= Beginning of Section =
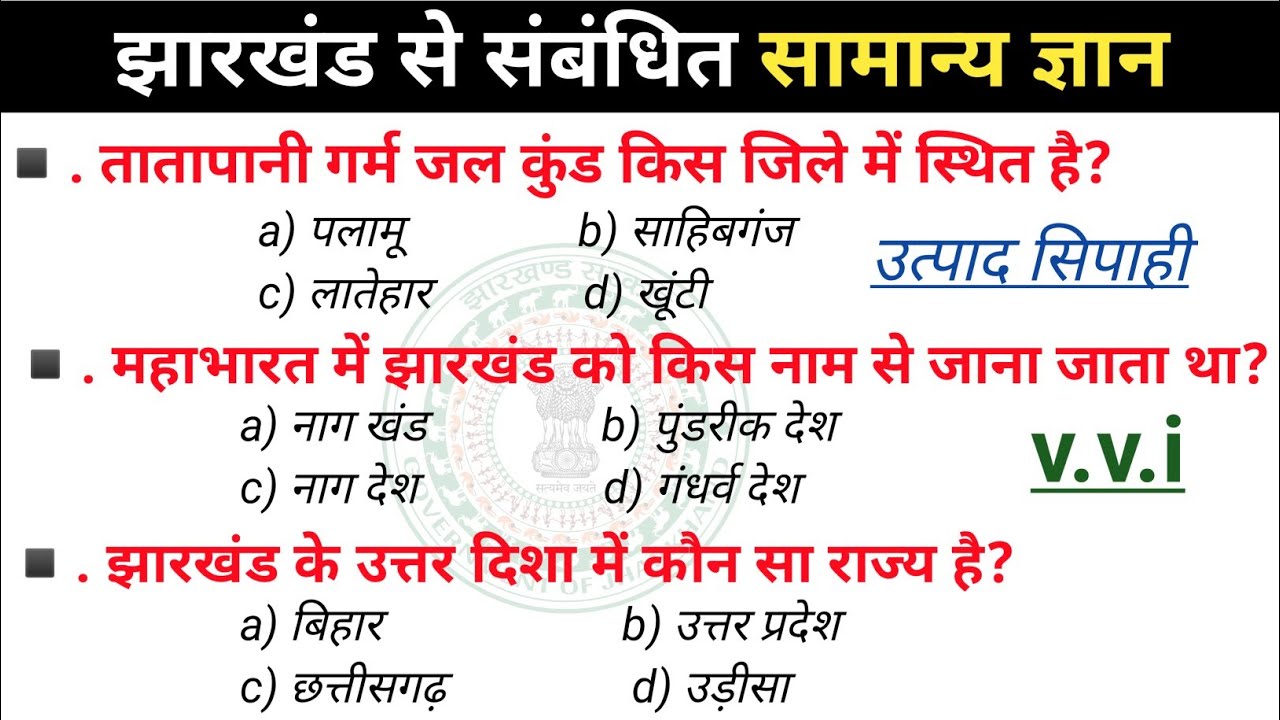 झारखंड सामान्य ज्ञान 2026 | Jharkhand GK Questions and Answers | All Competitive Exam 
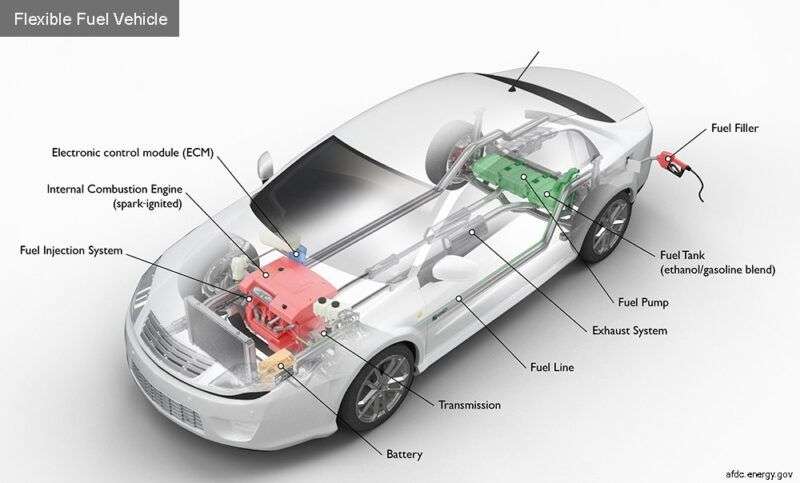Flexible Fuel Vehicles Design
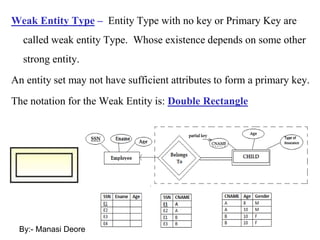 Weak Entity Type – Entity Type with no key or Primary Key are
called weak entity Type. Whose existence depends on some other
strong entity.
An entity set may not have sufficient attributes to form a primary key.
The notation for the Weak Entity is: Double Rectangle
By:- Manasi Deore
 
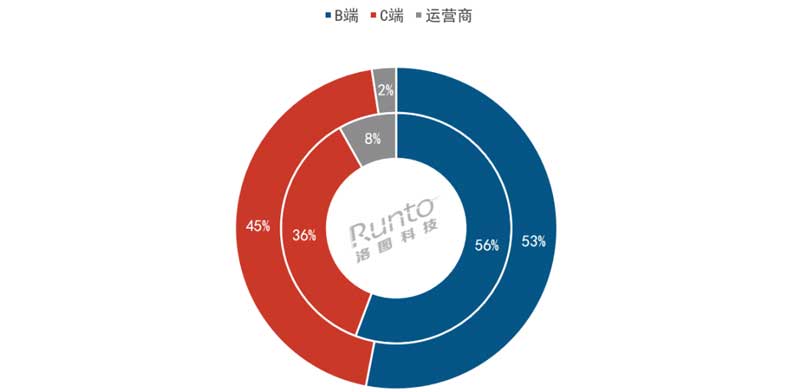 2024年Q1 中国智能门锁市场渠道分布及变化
= End of Section =
= Beginning of Section =
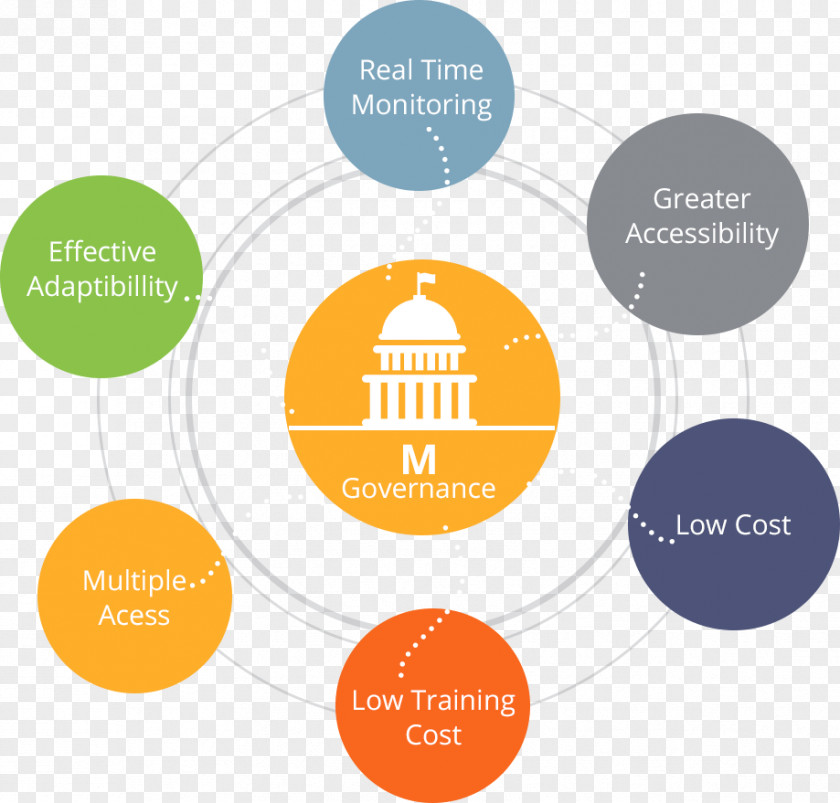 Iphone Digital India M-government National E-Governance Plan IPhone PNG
= End of Section =
Although pictures appear among the entries, please set down only the lines from the one with "called weak entity" up to and including the one with "2024年Q1 中国智能门锁市场渠道分布及变化", word for word.

Solution for this task —
called weak entity Type. Whose existence depends on some other
strong entity.
An entity set may not have sufficient attributes to form a primary key.
The notation for the Weak Entity is: Double Rectangle
By:- Manasi Deore
 
 2024年Q1 中国智能门锁市场渠道分布及变化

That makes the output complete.